LPL Outreach Update

LPL Outreach Update

by Dolores Hill, Sarah Morrison, and Maria Schuchardt

LPL’s outreach efforts continue to flourish. In the past year, we have interacted with over 6,000 people at various events. The monthly Space Drafts lecture series at Borderlands Brewing continues to be very popular, with an attendance of about 100 people at each event. Space Drafts is a public talk series organized by LPL graduate student Sarah Morrison, Steward Observatory, and NOAO.

Graduate student Margaret Landis discusses the climate history of Mars at Space Drafts. Graduate student Margaret Landis discusses the climate history of Mars at Space Drafts.

OSIRIS-REx outreach has been extremely busy also. One of the big events this season was the USA Science and Engineering Festival in Washington, D.C., hosted by spacecraft partner Lockheed Martin. Over several days, more than 350,000 enthusiastic visitors and VIPs learned about the OSIRIS-REx mission at the large NASA and Lockheed Martin pavilions. Erin Morton, Christine Hoekenga, Heather Roper, and Dolores Hill comprised two LPL teams that displayed OCAMS hardware, TAGSAM simulators and meteorites alongside the original TAGSAM and Sample Return Capsule prototypes.

             

Countdown to Lift-off, the annual LPL Summer Science Saturday open house held on August 27, highlighted the OSIRIS-REx mission. There was a panel discussion with OSIRIS-REx scientists Bashar Rizk, Carl Hergenrother, and Mike Nolan. Ed Beshore presented a lecture titled, Bennu Here We Come. The event also included an arts component. Assistant Professor of English Scott Selisker presented a lecture on Imagining Asteroids in Science Fiction and the History of Astronomy and Christopher Cokinos (Associate Professor of English) gave a reading from his book, The Fallen Sky: An Intimate History of Shooting Stars. The event also featured a performance by UA Theatre Students, Summer Solon, Socorro Cordova, and Brandon Joule titled Journey Through History. The event included exhibits about OSIRIS-REx and many interactive children’s activities. It was a very full and successful day of outreach to 700 visitors.
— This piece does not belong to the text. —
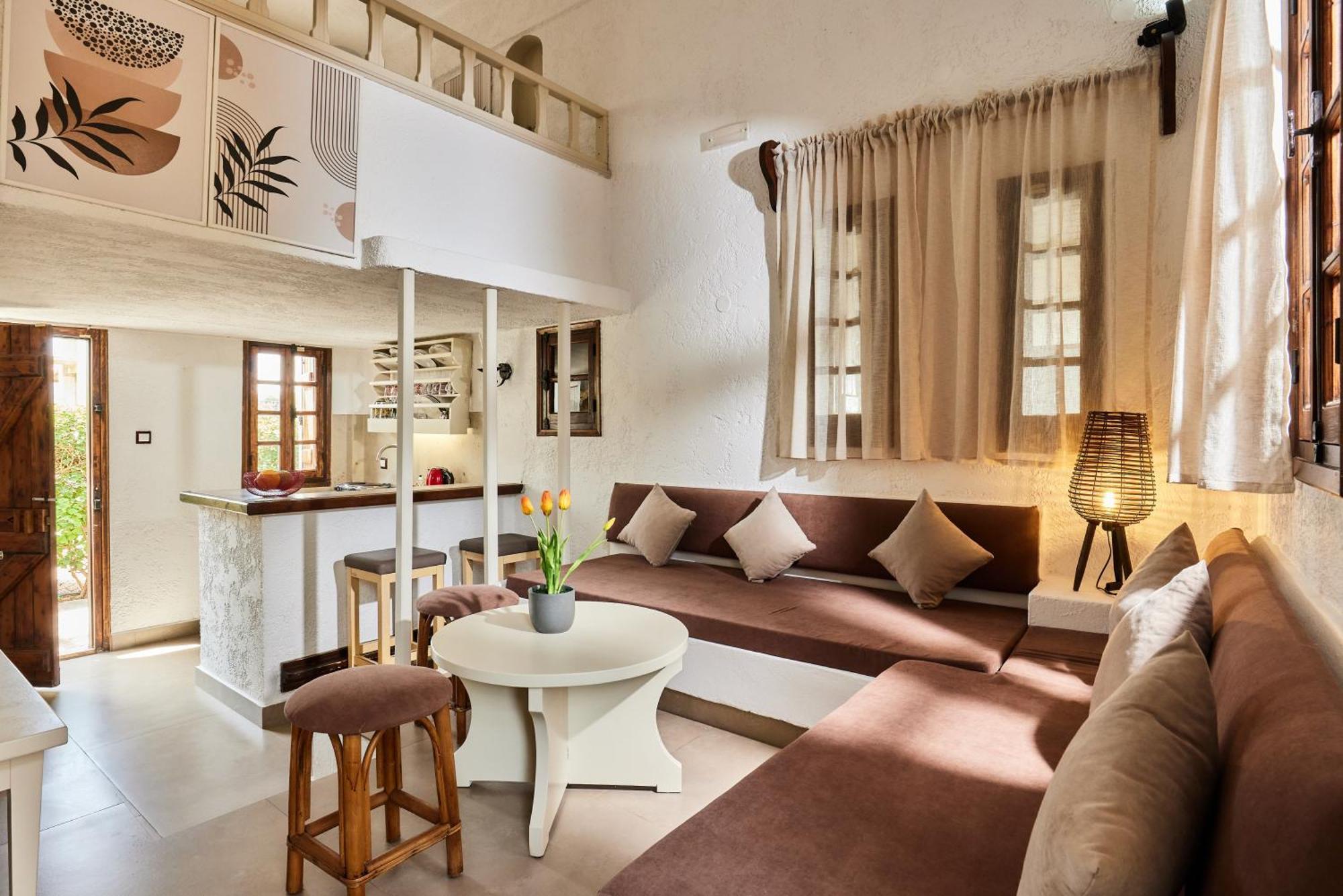 Mila Malia Studios Hotel Экстерьер фото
We have participated in many community STEM activities and in presentations to classrooms of students. Many children who attended University of Arizona summer camps stopped by LPL for tours and talks on Mars and the HiRISE mission. The beautiful globes of the terrestrial planets, moons, and even Pluto have been a great way to attract people for discussion of the research that we do at LPL. We talk to children, and also many adults, answering the questions they have about space: “Science, it’s not just for kids.”